■ **Activity**: Print the data exactly. Pictures stay out.

■ **Records shown**:
===============
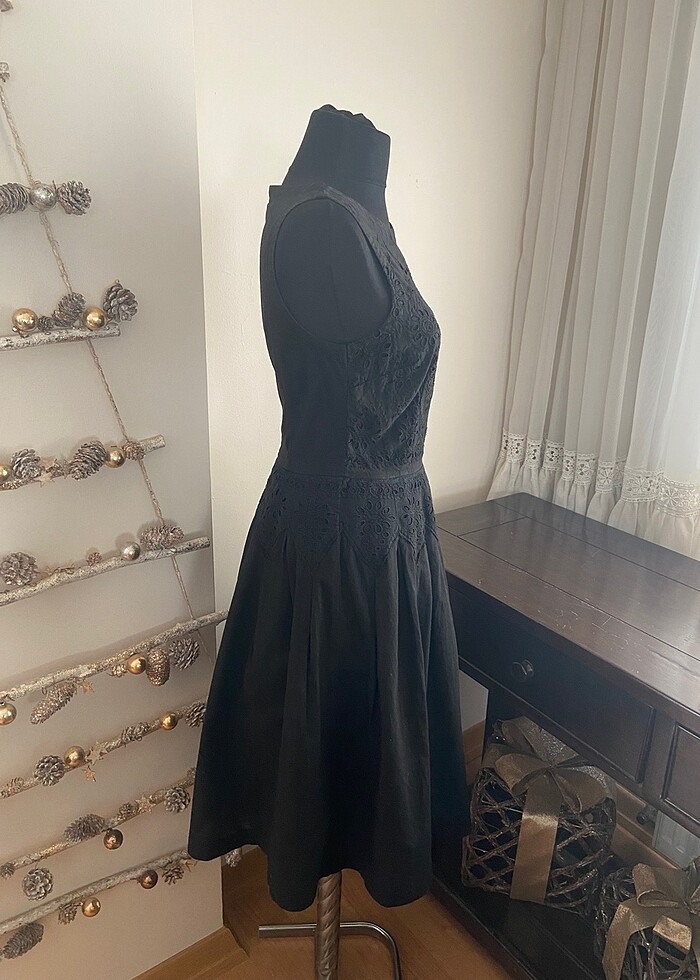 Topshop Fistolu Siyah Elbise - Görsel 4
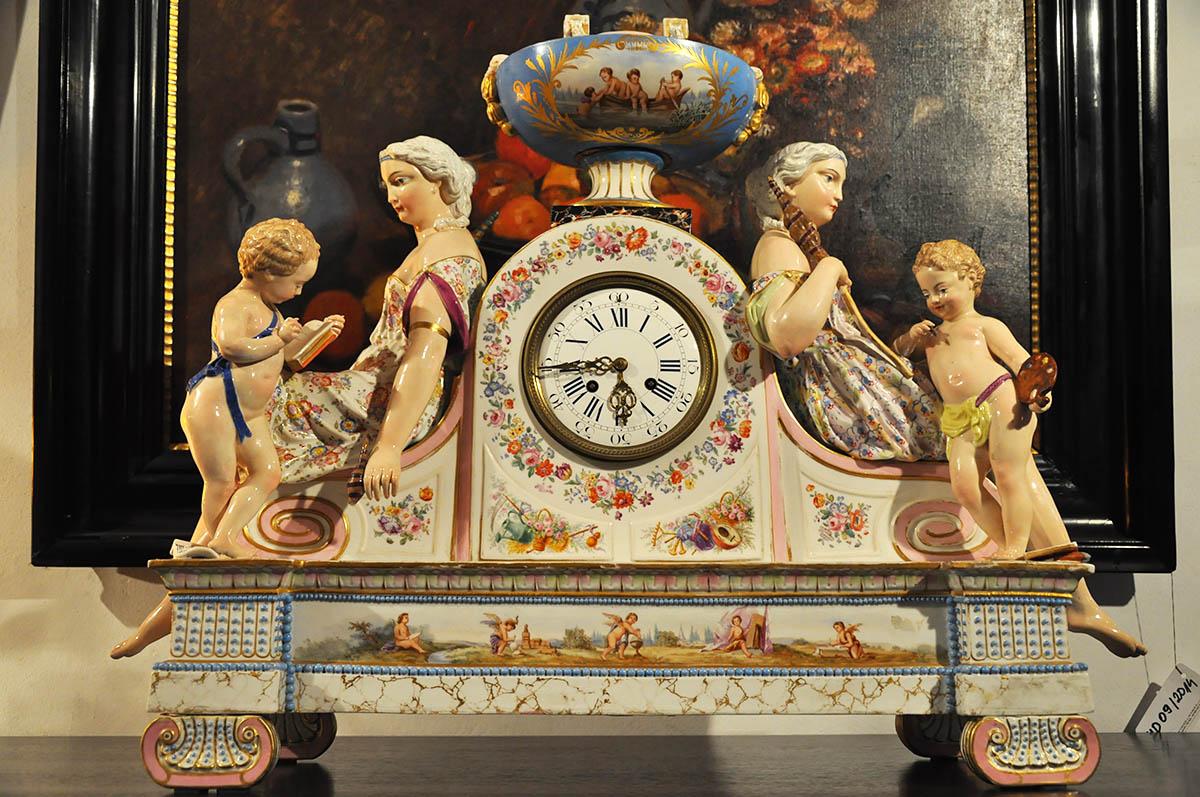 French Empire Porcelain Mantle Clock, 19th Century For Sale 7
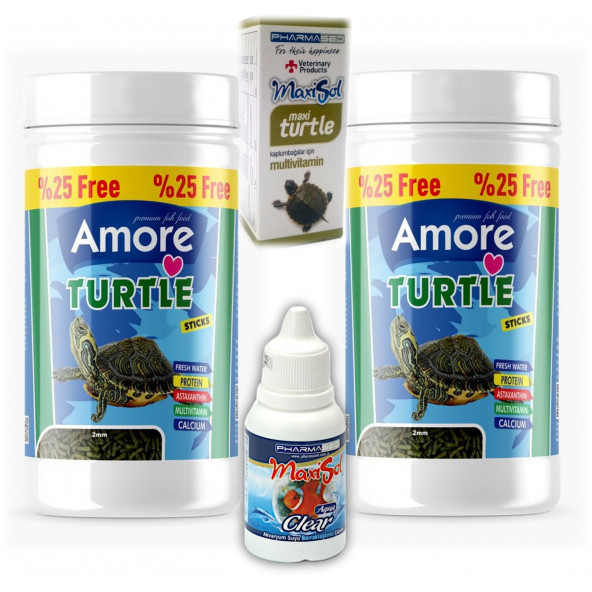 Amore Turtle Green Calcium Sticks 2x125 ml Su Kaplumbağası Yemi Clear Vitamin Seti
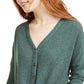 Ultra Flirt Juniors' Cozy Ribbed Tie-Front Top Green Size Small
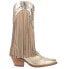 Dingo Gypsy Studded Fringe Metallic Snip Toe Cowboy Womens Gold Casual Boots DI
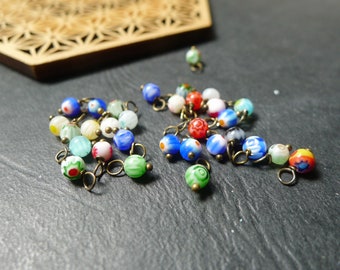 40 Millefiori round glass beads 4x8mm golden or bronze bell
===============
■ **Result**:
 Topshop Fistolu Siyah Elbise - Görsel 4
 French Empire Porcelain Mantle Clock, 19th Century For Sale 7
 Amore Turtle Green Calcium Sticks 2x125 ml Su Kaplumbağası Yemi Clear Vitamin Seti
 Ultra Flirt Juniors' Cozy Ribbed Tie-Front Top Green Size Small
 Dingo Gypsy Studded Fringe Metallic Snip Toe Cowboy Womens Gold Casual Boots DI
 40 Millefiori round glass beads 4x8mm golden or bronze bell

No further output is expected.